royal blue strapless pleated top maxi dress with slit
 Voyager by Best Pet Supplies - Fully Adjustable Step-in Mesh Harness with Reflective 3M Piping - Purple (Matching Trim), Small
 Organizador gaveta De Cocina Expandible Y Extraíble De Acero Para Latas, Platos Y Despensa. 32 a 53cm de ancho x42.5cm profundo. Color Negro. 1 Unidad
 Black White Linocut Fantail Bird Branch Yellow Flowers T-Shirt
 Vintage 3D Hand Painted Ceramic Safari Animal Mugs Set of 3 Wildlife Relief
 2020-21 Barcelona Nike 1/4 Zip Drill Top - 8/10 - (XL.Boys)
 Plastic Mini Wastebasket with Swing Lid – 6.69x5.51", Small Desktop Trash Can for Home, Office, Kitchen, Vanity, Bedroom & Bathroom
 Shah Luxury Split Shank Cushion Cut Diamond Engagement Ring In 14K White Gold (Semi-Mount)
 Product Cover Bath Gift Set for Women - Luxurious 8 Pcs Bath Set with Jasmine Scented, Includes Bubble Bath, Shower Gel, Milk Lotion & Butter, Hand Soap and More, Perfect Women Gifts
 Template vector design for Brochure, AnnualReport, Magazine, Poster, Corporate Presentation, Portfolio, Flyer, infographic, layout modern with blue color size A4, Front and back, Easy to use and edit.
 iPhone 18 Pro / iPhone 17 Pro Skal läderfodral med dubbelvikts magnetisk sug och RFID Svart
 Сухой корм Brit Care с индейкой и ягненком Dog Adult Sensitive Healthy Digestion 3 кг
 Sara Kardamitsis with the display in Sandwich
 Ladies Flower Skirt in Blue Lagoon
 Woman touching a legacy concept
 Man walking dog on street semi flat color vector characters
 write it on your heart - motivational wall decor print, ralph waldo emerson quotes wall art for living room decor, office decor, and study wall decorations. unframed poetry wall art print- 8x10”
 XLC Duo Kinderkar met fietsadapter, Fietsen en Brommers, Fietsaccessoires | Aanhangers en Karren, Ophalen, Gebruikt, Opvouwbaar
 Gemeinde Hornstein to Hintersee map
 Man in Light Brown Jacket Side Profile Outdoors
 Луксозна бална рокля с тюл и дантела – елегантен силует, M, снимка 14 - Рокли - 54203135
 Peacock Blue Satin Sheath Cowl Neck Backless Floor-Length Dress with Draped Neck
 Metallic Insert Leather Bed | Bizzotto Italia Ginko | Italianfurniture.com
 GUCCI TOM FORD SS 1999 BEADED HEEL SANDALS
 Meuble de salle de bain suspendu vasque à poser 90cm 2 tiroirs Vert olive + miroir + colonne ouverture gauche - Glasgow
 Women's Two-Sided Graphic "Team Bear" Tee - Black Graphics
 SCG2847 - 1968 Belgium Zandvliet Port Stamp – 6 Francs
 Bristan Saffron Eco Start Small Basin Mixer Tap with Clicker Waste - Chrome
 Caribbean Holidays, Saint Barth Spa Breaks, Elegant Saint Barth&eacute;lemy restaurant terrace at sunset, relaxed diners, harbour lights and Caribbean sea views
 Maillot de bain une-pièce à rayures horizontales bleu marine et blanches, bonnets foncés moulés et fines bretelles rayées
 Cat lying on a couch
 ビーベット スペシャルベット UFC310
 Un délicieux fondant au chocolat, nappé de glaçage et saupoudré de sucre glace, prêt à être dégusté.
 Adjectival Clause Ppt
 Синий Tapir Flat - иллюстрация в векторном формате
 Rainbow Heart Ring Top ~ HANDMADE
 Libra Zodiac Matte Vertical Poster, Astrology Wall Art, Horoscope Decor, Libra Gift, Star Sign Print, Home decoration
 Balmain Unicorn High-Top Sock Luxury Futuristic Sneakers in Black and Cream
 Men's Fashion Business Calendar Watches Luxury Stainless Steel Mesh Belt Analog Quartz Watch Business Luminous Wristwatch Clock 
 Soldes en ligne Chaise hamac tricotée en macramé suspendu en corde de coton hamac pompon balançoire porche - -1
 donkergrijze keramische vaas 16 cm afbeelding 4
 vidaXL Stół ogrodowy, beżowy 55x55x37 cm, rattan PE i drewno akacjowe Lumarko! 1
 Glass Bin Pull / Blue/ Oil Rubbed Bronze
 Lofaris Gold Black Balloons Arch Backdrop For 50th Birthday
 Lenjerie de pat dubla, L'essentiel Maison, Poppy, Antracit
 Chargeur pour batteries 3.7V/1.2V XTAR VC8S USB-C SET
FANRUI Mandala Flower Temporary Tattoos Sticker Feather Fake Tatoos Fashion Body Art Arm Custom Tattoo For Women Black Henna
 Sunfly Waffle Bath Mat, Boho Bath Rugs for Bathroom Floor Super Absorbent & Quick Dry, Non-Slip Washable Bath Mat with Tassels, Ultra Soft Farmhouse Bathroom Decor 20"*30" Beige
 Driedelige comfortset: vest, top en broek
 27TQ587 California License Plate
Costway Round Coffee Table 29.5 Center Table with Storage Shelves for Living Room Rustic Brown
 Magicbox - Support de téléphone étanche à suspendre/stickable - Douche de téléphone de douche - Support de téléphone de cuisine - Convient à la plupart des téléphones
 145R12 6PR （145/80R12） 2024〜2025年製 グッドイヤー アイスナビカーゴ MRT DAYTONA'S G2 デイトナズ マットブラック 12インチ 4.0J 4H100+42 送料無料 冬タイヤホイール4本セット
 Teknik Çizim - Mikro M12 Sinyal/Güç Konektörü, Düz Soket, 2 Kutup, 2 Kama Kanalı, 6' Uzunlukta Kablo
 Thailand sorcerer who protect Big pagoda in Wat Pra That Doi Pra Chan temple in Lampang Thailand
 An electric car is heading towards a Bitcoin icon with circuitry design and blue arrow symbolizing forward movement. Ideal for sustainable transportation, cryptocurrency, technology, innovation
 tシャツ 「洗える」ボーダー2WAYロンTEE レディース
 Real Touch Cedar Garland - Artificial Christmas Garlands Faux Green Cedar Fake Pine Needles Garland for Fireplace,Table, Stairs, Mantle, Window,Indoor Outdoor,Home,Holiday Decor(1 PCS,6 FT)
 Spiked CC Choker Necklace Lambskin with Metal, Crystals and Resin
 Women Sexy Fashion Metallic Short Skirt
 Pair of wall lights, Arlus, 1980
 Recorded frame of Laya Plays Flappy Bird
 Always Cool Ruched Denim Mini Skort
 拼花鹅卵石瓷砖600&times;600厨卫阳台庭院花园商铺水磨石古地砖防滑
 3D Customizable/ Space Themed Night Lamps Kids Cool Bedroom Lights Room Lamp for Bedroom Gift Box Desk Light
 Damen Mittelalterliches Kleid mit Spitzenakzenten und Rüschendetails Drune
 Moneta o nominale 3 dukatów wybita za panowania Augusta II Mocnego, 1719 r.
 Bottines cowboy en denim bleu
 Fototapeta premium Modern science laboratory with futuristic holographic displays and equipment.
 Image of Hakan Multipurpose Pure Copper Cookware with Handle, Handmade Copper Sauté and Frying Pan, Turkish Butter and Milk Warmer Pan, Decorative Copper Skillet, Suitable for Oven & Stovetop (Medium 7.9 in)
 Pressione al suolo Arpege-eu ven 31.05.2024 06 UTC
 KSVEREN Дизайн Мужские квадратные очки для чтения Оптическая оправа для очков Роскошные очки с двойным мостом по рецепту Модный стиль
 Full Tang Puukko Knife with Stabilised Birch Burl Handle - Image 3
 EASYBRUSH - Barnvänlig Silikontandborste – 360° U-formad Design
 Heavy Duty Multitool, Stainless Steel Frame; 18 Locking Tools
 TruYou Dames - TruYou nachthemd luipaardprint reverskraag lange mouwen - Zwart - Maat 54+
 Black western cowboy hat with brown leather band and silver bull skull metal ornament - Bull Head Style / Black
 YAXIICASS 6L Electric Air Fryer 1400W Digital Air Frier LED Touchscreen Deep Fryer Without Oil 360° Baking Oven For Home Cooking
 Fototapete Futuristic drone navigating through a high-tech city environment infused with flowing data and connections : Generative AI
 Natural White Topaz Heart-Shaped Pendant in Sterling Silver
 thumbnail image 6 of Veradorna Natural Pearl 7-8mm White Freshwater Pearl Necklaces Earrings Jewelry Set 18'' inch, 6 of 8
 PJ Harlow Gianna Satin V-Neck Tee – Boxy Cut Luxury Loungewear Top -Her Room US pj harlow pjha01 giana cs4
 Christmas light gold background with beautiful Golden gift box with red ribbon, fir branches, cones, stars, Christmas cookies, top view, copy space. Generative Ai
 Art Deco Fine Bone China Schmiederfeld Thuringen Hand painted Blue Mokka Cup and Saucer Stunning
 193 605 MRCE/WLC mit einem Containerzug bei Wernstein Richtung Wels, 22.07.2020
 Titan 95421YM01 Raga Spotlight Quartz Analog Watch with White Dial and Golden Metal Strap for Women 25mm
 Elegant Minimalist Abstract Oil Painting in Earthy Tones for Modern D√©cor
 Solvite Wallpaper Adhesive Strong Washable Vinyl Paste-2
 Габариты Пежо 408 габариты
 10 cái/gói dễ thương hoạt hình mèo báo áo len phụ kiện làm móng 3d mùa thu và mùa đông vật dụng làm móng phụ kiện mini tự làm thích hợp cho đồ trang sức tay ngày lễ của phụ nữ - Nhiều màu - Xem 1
_ _ _ _
Every line above from the line with "Soldes en ligne" to the line with "FANRUI Mandala Flower" is wanted, ends included; write them out exactly and add no other line.

 Soldes en ligne Chaise hamac tricotée en macramé suspendu en corde de coton hamac pompon balançoire porche - -1
 donkergrijze keramische vaas 16 cm afbeelding 4
 vidaXL Stół ogrodowy, beżowy 55x55x37 cm, rattan PE i drewno akacjowe Lumarko! 1
 Glass Bin Pull / Blue/ Oil Rubbed Bronze
 Lofaris Gold Black Balloons Arch Backdrop For 50th Birthday
 Lenjerie de pat dubla, L'essentiel Maison, Poppy, Antracit
 Chargeur pour batteries 3.7V/1.2V XTAR VC8S USB-C SET
FANRUI Mandala Flower Temporary Tattoos Sticker Feather Fake Tatoos Fashion Body Art Arm Custom Tattoo For Women Black Henna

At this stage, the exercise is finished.